Takeda executed the Okudaira hostages upon hearing the news, following this up with a raid on Totomi. Finding Ieyasu’s territory too well defended; Takeda then attacked a fort of Nobunaga’s, which was surrendered to him. He followed this up by storming the castle of Takatenjin[x].
At this point one of Ieyasu’s most trusted men, the Daikan[xi] of Mikawa Oga Yashiro, suggested to Takeda that he lead an army against Okazaki and Oga would open the gates to Takeda. It is believed that Oga disliked Noboyasu intensely, as did a number of Tokugawa retainers[xii]. Oga’s plans were betrayed to Noboyasu, who executed Oga’s family and had Oga killed in Hamamatsu[xiii].
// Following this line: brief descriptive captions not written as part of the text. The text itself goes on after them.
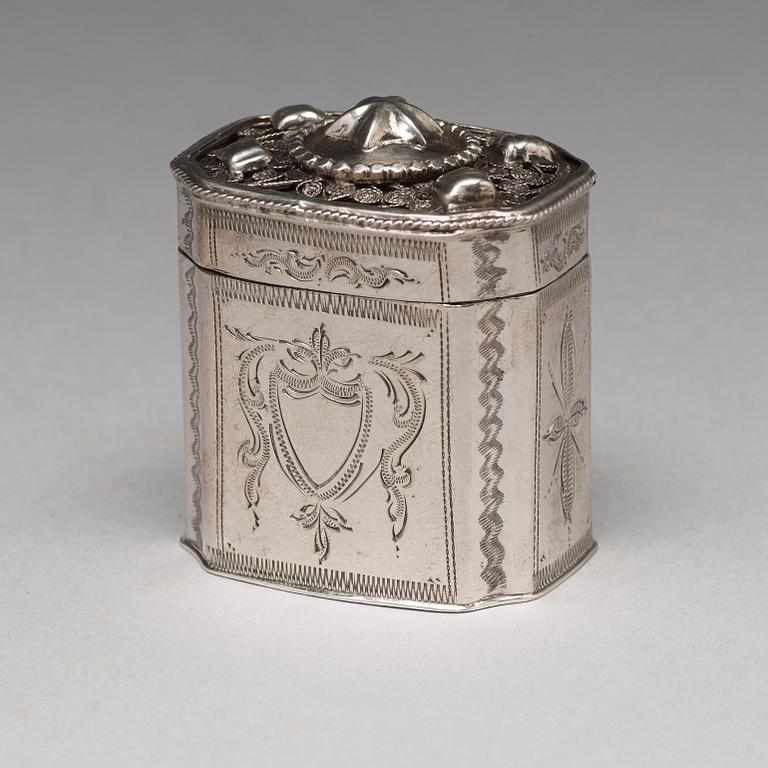 Dosor, 3 st, silver, en Moskva 1861, två stycken Holland, sannolikt 1800.tal.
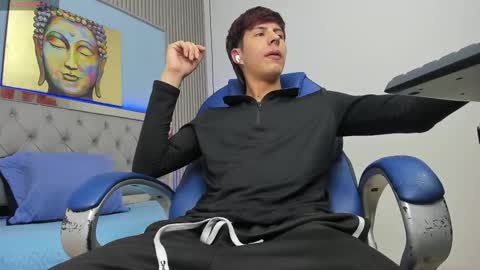 Esteban online show from 01/10/26, 02:46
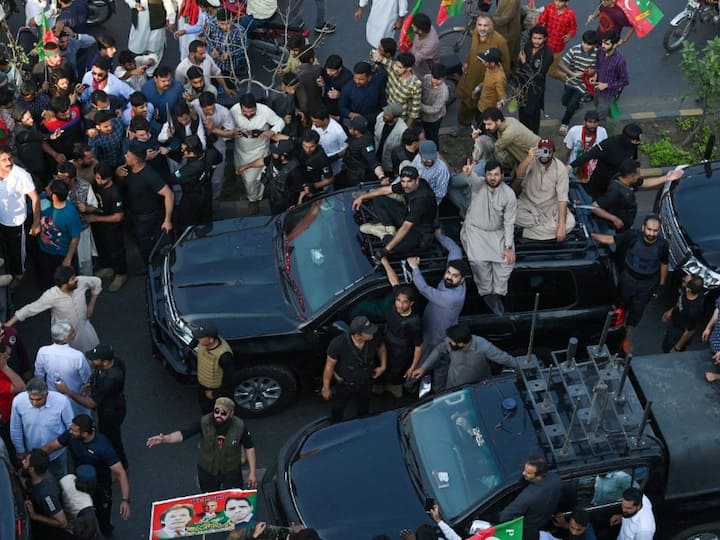 Imran Khan Arrest Latest Updates Police Pakistan Tehreek-e-Insaf PTI Supporters Outside Zaman Park Residence Islamabad Police Reach Imran Khan Home To Arrest Him, PTI Supporters Clash With Them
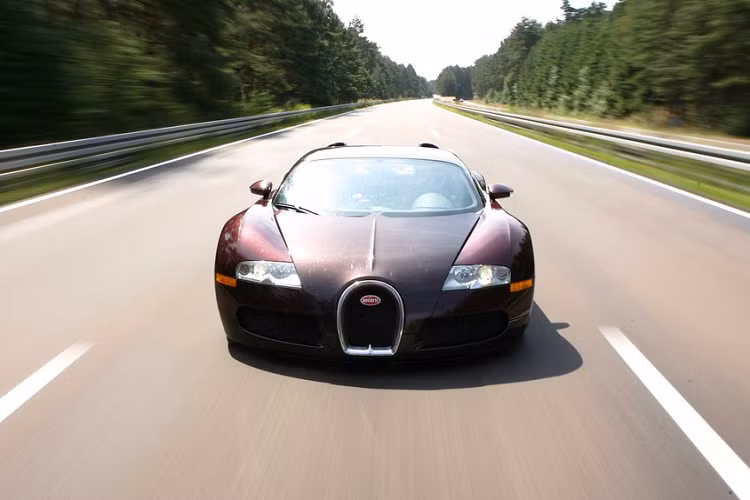 Hộp số ly hợp kép 7 cấp (DSG) phân phối lực cho toàn bộ bốn bánh, trong khi hệ dẫn động bốn bánh và khí động học tinh vi đảm bảo đủ lực kéo ở mọi dải tốc độ. Đĩa phanh carbon gốm và má phanh hoạt động bằng khí nén để chắc chắn chiếc xe có thể giảm tốc một cách an toàn.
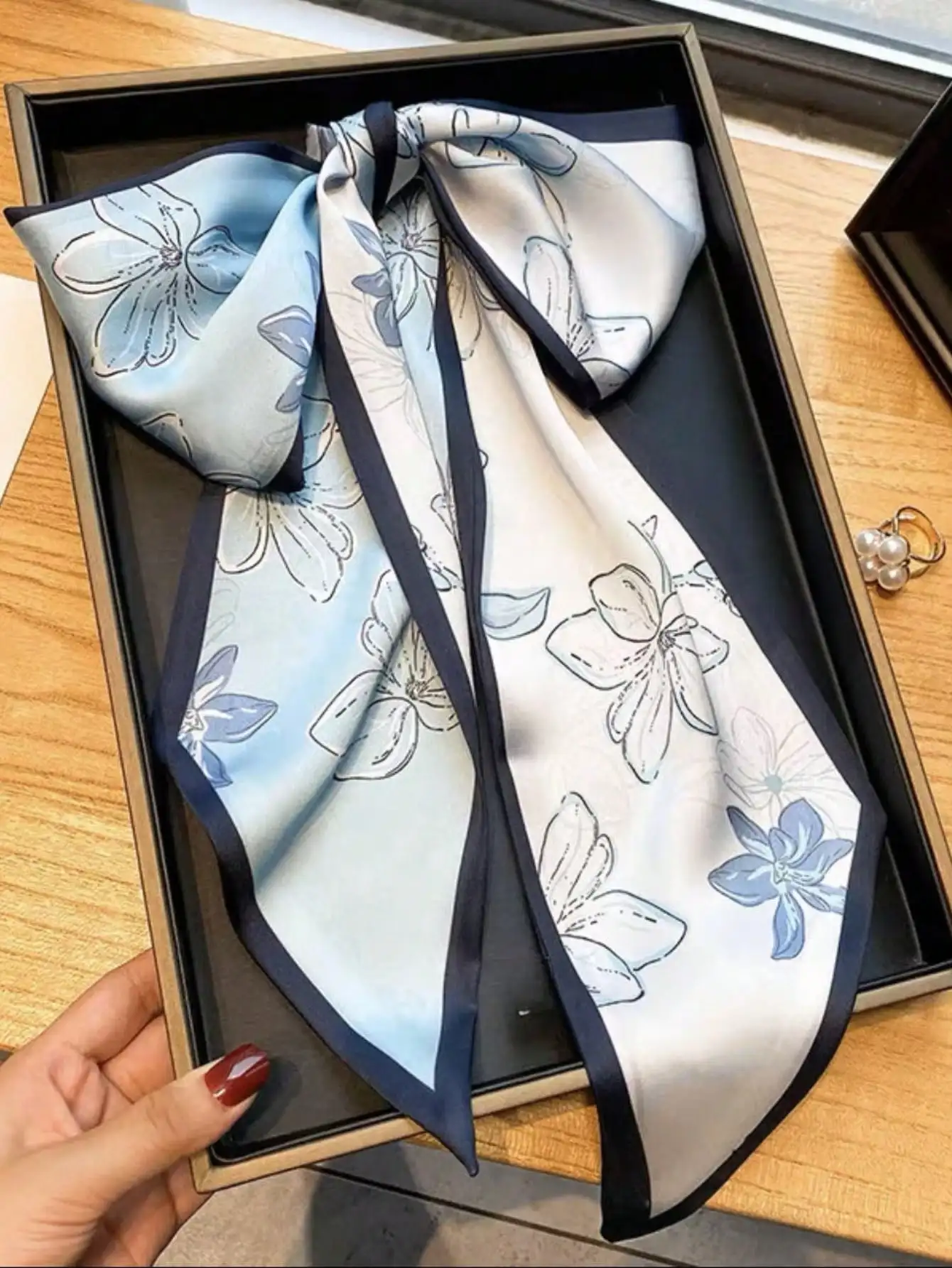 Écharpe carrée décontractée en - Scarf Silk Square avis et prix
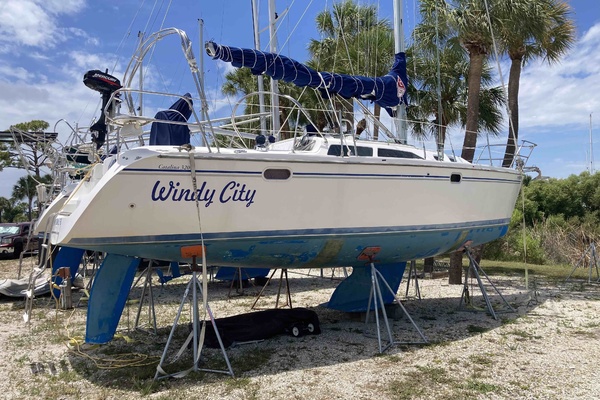 Windy City 32ft Catalina Yacht For Sale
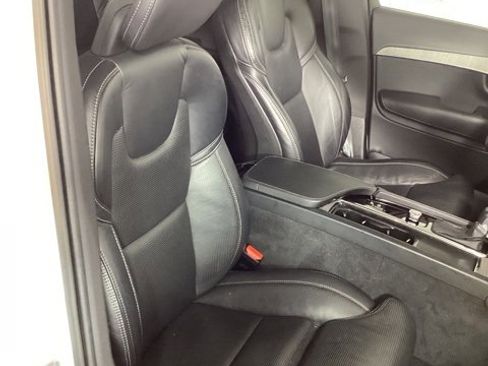 Used 2022 Volvo XC90 T6 Inscription w/ Advanced Package image 21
In 1573 Nobunaga effectively ended the power of the Ashakaga Shoguns, although Yoshiaki, who become a Buddhist monk, did not die until 1597.
In 1575 Takeda laid siege to Nagashino[xiv] and on 28th June his fifteen thousand men were overwhelmed by the joint forces of Nobunaga and Ieyasu, whose armies numbered thirty-eight thousand. As he preferred Takeda took the offensive, but failed. Ieyasu commented

‘Nobunaga and I were superior in numbers, and yet though we had a triple stockade in front of us he must needs come charging down on it. Naturally he got beaten. But if he had taken up a position behind the Takigawa River he could have held us up for ten days anyhow, and we should have had to retire. Then he could have launched an attack on us, and ten to one it would have been successful. It is a pity he was such a fool.’[xv]
Takeda’s men fled and the siege on Nagashino was raised. For the next seven years Ieyasu and Takeda raided each other’s lands and skirmished. Nobunaga and Ieyasu’s alliance against Takeda was strengthened by the addition of Hojo, who was offended by Takeda’s marrying of his daughter to the adopted son of one of Hojo’s enemies.

Bibliography
Sekigahara – Anthony Bryant, Osprey Publishing Ltd 1995

Samurai William – Giles Milton, Hodder & Stoughton 2002
The Maker of Modern Japan – AL Sadler, Charles E Tuttle Company 1983

Tokugawa Ieyasu Shogun – Conrad Totman, Heian 1983
En.wikipedia.org


[i] In Fukuchiyama district
[ii] Ieyasu’s father-in-law and Ujizane’s uncle
[iii] Now Toyohashi
[iv] This changing of alliances was common in the period
[v] Lord of Omi and married to Nobunaga’s sister
[vi] Lord of Echizen
[vii] The winners collected the heads of their fallen victims and these were then displayed to the winning general
[viii] The Maker of Modern Japan - Sadler
[ix] The Maker of Modern Japan - Sadler
[x] Only thirty miles from Ieyasu’s capital of Hamamatsu
[xi] District Commissioner
[xii] Oga was apparently extravagant, the opposite of Ieyasu, whose attention to money was legendary.
[xiii] Buried up to the neck and a bamboo saw laid beside him with a notice inviting passers-by to saw at it. He died on the seventh day.
[xiv] In Mikawa province
[xv] The Maker of Modern Japan - Sadler

1 comment:

  1. How typical of Ieyasu to disapprove of Takeda Katsuyori's inefficiency, even though it would have meant defeat had Takeda been more adaptable and able to plan strategically.
    Asai Nagamasa's wife, if I recall correctly, was no mean warrior on her own account...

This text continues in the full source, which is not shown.